# S7 300 Starter Kit



## Anonymous (4 Februar 2005)

Hallo! 

Kann mir vielleicht jemand sagen woher ich das dieses Starter Kit bekomme? Oder gibt es das nur von Siemens direkt? Dann ist es doch bestimmt 3 mal so teuer oder irre ich mich da! 
Was kostet es denn bei Siemens? Hat sich das schon mal jemand bestellt und hat Erfahrung damit?

MfG

Electronaut


----------



## lorenz2512 (4 Februar 2005)

Hallo,
wenn Du bei einer Firma beschäftigt bist, nachfragen ob die bei Siemens Kunde sind, dann bekommst Du %, 10-15% müßten mindestens drin sein.

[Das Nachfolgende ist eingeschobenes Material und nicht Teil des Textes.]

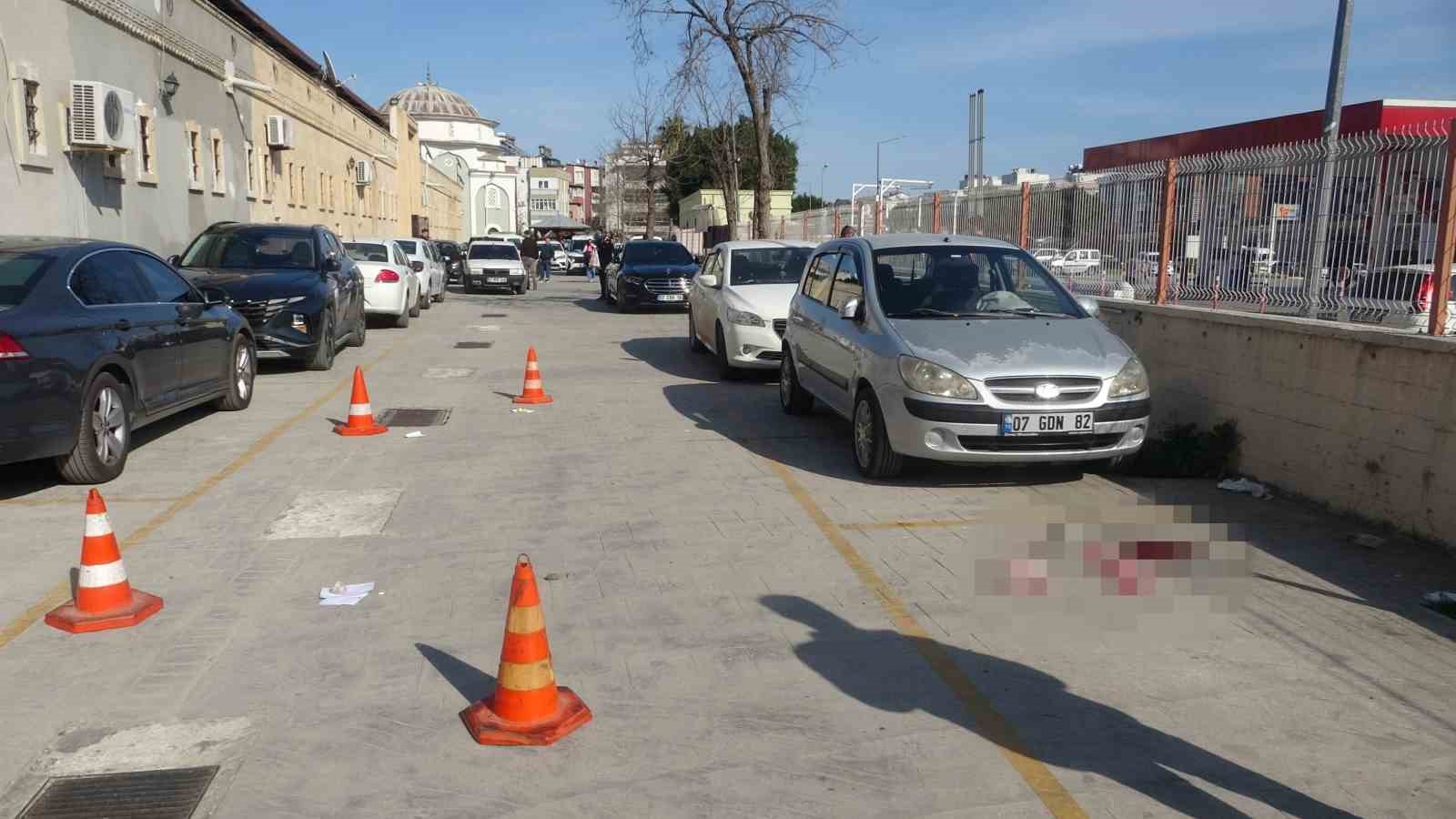 antalyada silahli saldiri olayinda 3 kisi tutuklandi 3 PvtsVtY2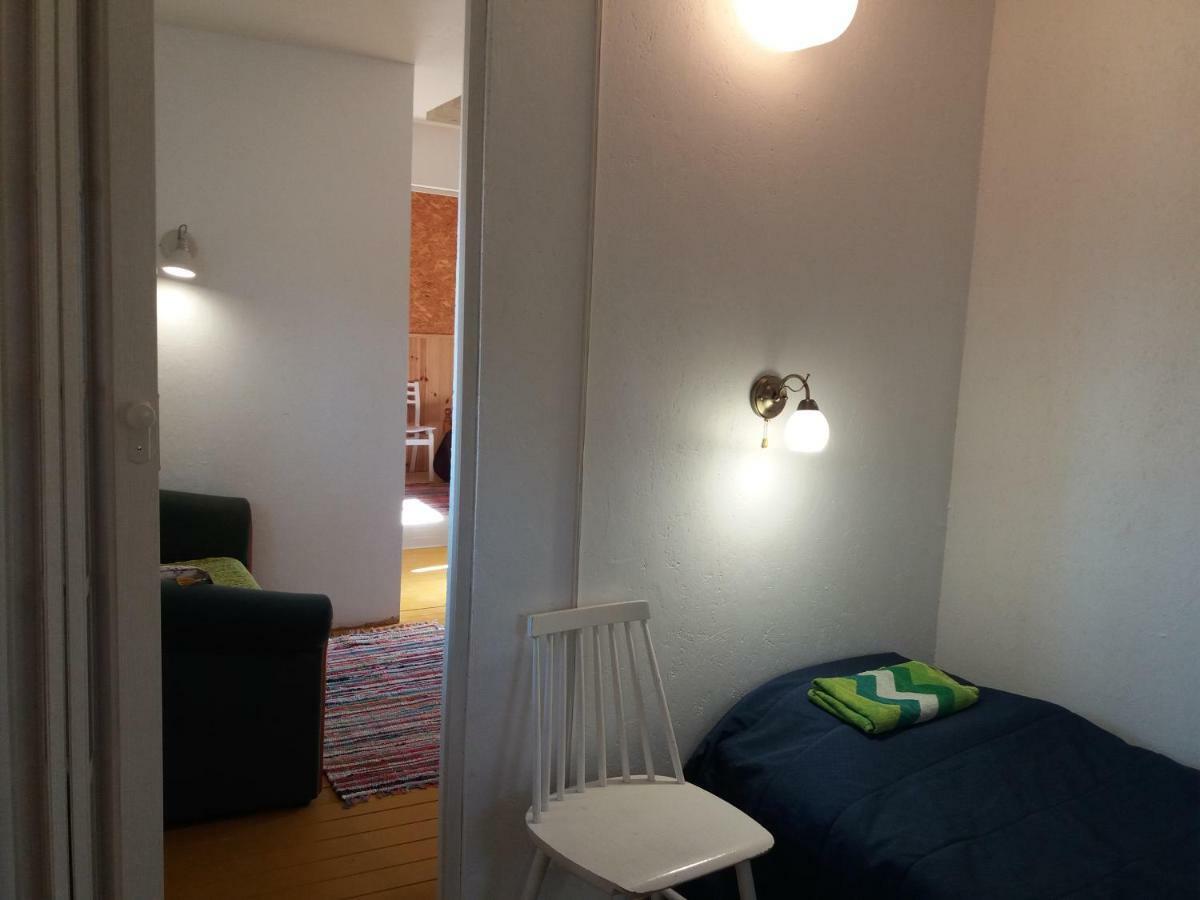 Hueueru Puhkemajad Guest House Huuru Eksteriør bilde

Ein günstigere Variante ist Ebay, man muß nur wissen was man will, das macht dann nur den Bruchteil des Siemenspreises.
Konrad bietet auch Siemens an weiss aber nicht ob das Starterkit angeboten wird, die Preise orientieren sich aber am Siemenskatalog.

mfg
Dietmar


----------



## bapfy (4 Februar 2005)

10-15% min? <-> sorry aber in Sachen Prozenten hat Siemens Sparstrümpfe an!


----------



## SPS Markus (4 Februar 2005)

Hi bapfy,

ich denke das kommt auf die Menge an die du so im jahr umsetzt.
15-25% sind da wirklich ohne Probleme drin.

Markus


----------



## lorenz2512 (4 Februar 2005)

@ bapfy: kommt immer auf dem Umsatz an, und meistens hat man einen Stammverkäufer mit dem Reden kann das es eben für privat ist. Beispiel: Logo Einsteiger Paket Normalpreis ca150€ Vorzugspreis 130€ incl Märchensteuer.
Ist doch das gleiche: Metabo Bohrmaschine gleicher Preis bei obi, Hagebau, usw....., bei unserem Hauslieferant in der Auslage auch, nach kurzem Gespräch 20% runter.
Man darf sich nur nicht schäbig dabei vorkommen.
mfg
dietmar


----------



## bapfy (4 Februar 2005)

hab nur die Erfahrung gemacht dass bei anderen Firmen einfach mehr geht


----------



## Gerhard Bäurle (12 Februar 2005)

Electronaut schrieb:
			
		

> Kann mir vielleicht jemand sagen woher ich das dieses Starter Kit bekomme? Oder gibt es das nur von Siemens direkt? Dann ist es doch bestimmt 3 mal so teuer oder irre ich mich da!
> Was kostet es denn bei Siemens? Hat sich das schon mal jemand bestellt und hat Erfahrung damit?



Mahlzeit,

die Siemensrabatte für kleine Kunden sind 
irgendwo zwischen geschrumpft bis nicht 
mehr vorhanden. Das ist aber Politik, 
kleine Kunden sollen im Elektrogroßhandel kaufen,
hier im Süden ist das z. B. Löffelhardt.

Viele Grüße

Gerhard Bäurle


----------



## MatMer (25 Februar 2005)

Hallo,
Habe auch mal nach dem Starterkit gesucht bei Ebay kriegt man es nicht
Conrad bietet leider nur die S7 -200 Reihe an
und ich würde auch Ebay empfehlen habe gerade ein wenig was zusammengstellt und es ist erschreckend was man da sparen kann, allerdings muss man dann auch die Gefahr mit den gebrauchten Sachen akzeptieren


----------